Sutton surveyed and geologically mapped much of Vancouver Island as the Wellington Colliery Company owned the coal rights under a large portion of the Island. As part of the Canadian Geological Survey, Sutton surveyed the central part of the eastern coast of Vancouver Island in July 1909. He remained with the Company when they were taken over by Canadian Pacific Railway until his death in 1914, from a heart attack, whilst running a survey line for a road being constructed in Ucluelet.

== Treasure Island ==
Sutton gave several public lectures on the natural wealth of Vancouver Island, including delivering a paper, The Geology and Mining of Vancouver Island, to the Geological Society in Manchester in 1903. He became a leader in the movement to promote the Island to the rest of the world and was instrumental in the establishment of the Vancouver Island Development League being elected to first vice-president of the Victoria branch of the League in 1911 and 1912.

== Forest preservation ==
William John Sutton was one of the first to advocate preservation of the forests in British Columbia. He gave evidence to several government commissions (1905, 1909) and in 1910 published, as a member of the Natural History Society, a booklet, Our Timber and its Conservation, in which he described 18 commercial species of forest trees. He argued that timber resources in British Columbia were comparatively limited and was critical of current government practice in regard to land leases and taxes. He recommended the government establish a forestry commission identifying key areas for research. He used his booklet to submit evidence to the Fulton Royal Commission on Timber and Forestry and some of his recommendations were accepted by the government. He gave further evidence to an Assessment and Taxation Commission in 1911 as well as to the Forestry and Conservation Convention in Vancouver in January 1914.

== Strathcona Park ==
As a member of the British Columbia Board of Trade, the Natural History Society and the Vancouver Island Development League, Sutton played an important role in helping to facilitate the establishment of Strathcona Provincial Park.

== Respected scientist ==
In his final years Sutton became a powerful person in British Columbia. He was Chairman of the Western Branch of the Canadian Mining Institute and vice-president of the Canadian Mining Institute (1914); as well as being a Fellow of the Royal Geological Society of London. He sat on the Board of Trade, and had been president of the Natural History Society (1912). He campaigned for a well-equipped seismological station at Victoria (a new Meteorological Station was built at Gonzales Height, Victoria in 1916) and was also a founding member of the Royal Astronomical Society in Victoria, being a member of the executive committee and instrumental in forming the Centre in Victoria.

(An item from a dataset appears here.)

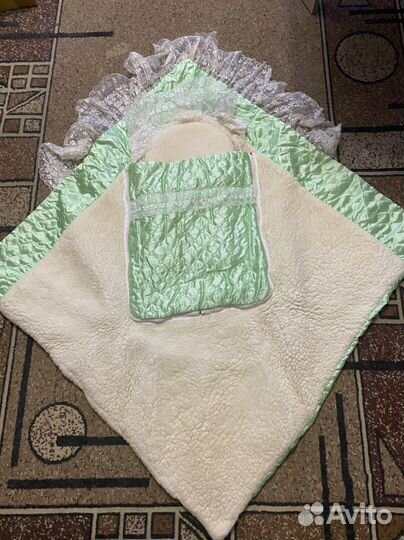 Конверт на выписку зимний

== Pacific Museum of Earth, Vancouver ==
Sutton is credited with identifying 35 notable occurrences of minerals in Canada, see A List of Canadian Mineral Occurrences, Robert A.A. Johnson, 1915. His unique collection of minerals and fossils was one of the founding collections of the Geology Museum of the University of British Columbia at the Beaty Biodiversity Museum and is on show at the Pacific Museum of Earth, Vancouver.

== Legacy ==
William John Sutton's influence on Vancouver Island is visible in the places named after him, such as Sutton Pass, Sutton Boulders, Lost Shoe Creek and Sutton Rock; as well as the Sutton Limestones.

== Photograph album ==
His wife, Helen Annie, outlived Sutton by 18 years; she compiled an album of some of his photographs which her sister presented to the archive at the Royal British Columbia Museum in 1933. There are 57 photographs including geological features, First Nation villages, Cowichan Lake and river; and several 'ghost' towns on mainland British Columbia.

== Family history ==
William John Sutton was well known in his lifetime, but has since been forgotten. His father William Sutton built the first grist mill in Kincardine, Ontario and became the first sheriff of Bruce County only to be sacked after 25 years.